On Wed, Mar 18, 2015 at 4:31 PM, Adrian Prantl <aprantl at apple.com> wrote:

>
> On Mar 18, 2015, at 4:02 PM, David Blaikie <dblaikie at gmail.com> wrote:
>
>
>
> On Wed, Mar 18, 2015 at 3:50 PM, Adrian Prantl <aprantl at apple.com> wrote:
>
>>
>> On Mar 17, 2015, at 6:44 PM, David Blaikie <dblaikie at gmail.com> wrote:
>>
>>
>>
>> On Tue, Mar 17, 2015 at 3:47 PM, Adrian Prantl <aprantl at apple.com> wrote:
>>
>>>
>>> > On Mar 17, 2015, at 10:03 AM, Greg Clayton <gclayton at apple.com> wrote:
>>> >
>>> >
>>> >> On Mar 17, 2015, at 9:46 AM, David Blaikie <dblaikie at gmail.com>
>>> wrote:
>>> >>
>>> >>
>>> >>
>>> >> On Tue, Mar 17, 2015 at 9:42 AM, Greg Clayton <gclayton at apple.com>
>>> wrote:
>>> >>
>>> >>> On Mar 16, 2015, at 6:47 PM, David Blaikie <dblaikie at gmail.com>
>>> wrote:
>>> >>>
>>> >>>
>>> >>>
>>> >>> On Mon, Mar 16, 2015 at 5:14 PM, Adrian Prantl <aprantl at apple.com>
>>> wrote:
>>> >>>
>>> >>> Thanks for the explanation David, I missed that it is entirely the
>>> linker's (or some dwarf post-processor's) responsibility to find the module
>>> files and link in the debug info from the .pcm files, so debugger doesn’t
>>> notice a difference.
>>> >>>
>>> >>> I think there's still some confusion here.

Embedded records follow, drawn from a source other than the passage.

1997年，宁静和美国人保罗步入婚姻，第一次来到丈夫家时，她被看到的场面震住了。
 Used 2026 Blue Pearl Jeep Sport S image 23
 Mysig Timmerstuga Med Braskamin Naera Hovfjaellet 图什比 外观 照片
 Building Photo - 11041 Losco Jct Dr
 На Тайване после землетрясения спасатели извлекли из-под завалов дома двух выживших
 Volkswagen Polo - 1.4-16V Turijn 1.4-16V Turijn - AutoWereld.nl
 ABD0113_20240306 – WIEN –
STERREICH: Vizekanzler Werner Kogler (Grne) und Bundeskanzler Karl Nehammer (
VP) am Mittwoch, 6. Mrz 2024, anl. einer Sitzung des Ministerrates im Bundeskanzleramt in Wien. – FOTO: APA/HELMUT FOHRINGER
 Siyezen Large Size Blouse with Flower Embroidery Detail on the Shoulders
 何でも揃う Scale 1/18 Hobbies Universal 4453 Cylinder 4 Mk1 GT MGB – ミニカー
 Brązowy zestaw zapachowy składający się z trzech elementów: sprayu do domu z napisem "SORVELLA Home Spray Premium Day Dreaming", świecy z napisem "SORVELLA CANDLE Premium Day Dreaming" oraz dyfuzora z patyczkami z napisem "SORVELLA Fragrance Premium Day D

Sorry if I'm rehashing
>>> something, but I'll try to explain how this all works.
>>> >>>
>>> >>> Normal split DWARF:
>>> >>>
>>> >>> Compiler generates two files: .o and .dwo.
>>> >>> .dwo has static, non-relocatable debug info.
>>> >>> .o has a skeleton compile_unit that has the name of the .dwo file
>>> and a hash to verify that the .dwo file isn't stale when the debugger reads
>>> it.
>>> >>> The .o files are all linked together, the .dwo files stay where they
>>> are.
>>> >>> The debugger reads the linked executable, finds the skeleton
>>> compile_units contained therein, and find/loads the .dwo files
>>> >>>
>>> >>> The scenario I have in mind for module debug info is this:
>>> >>> Module is compiled as an object file with debug info (this file is
>>> actually a .dwo file, even if it has some other extension - it has the
>>> non-relocatable debug info in it)
>>> >>> .o file has a comdat'd skeleton compile_unit describing the
>>> .dwo/module file
>>> >>> <from here on no extra work is required, the linker and debugger
>>> just act as normal>
>>> >>> The .o files are linked together, the skeleton compile_units get
>>> deduplicated by the linker (comdat sections)
>>> >>
>>> >> One issue I can think of is we will need to figure out a way to make
>>> COMDAT work with mach-o. COMDAT requires large number of sections and
>>> mach-o can only have 255.
>>> >>
>>> >> Ah, fair enough - how does MachO handle inline functions (the most
>>> common use of comdat) currently, then?
>>> >
>>> > Currently mach-o relies on symbols in the symbol table being marked as
>>> weak and I believe the data for these symbols are in special sections that
>>> are marked as containing items that can be coalesced.
>>> >
>>> That’s not necessarily an issue that needs to be solved on Darwin, or am
>>> I maybe missing something? The linker leaves all debug info in the .o (as
>>> it currently does) and llvm-dsymutil is resolving all the external module
>>> type references while creating the .dSYM bundle.
>>>
>>
>> Yeah, with a debug aware linker (or in the case of dsymutil, a debug-only
>> linker) you would just know that since you're looking at object files,
>> module references will be redundant across objects and should be
>> deduplicated (by the dwo hash, most likely).
>>
>> If you're not teaching your debugger to read modules, and want to link
>> the debug info in from the .dwos - at that point you can probably drop the
>> skeleton stuff entirely (you'd still need to teach your debugger about .dwo
>> sections and some of the esoteric things there - like str_index and the
>> extra/special line table just for file names (decl_file, etc, uses this))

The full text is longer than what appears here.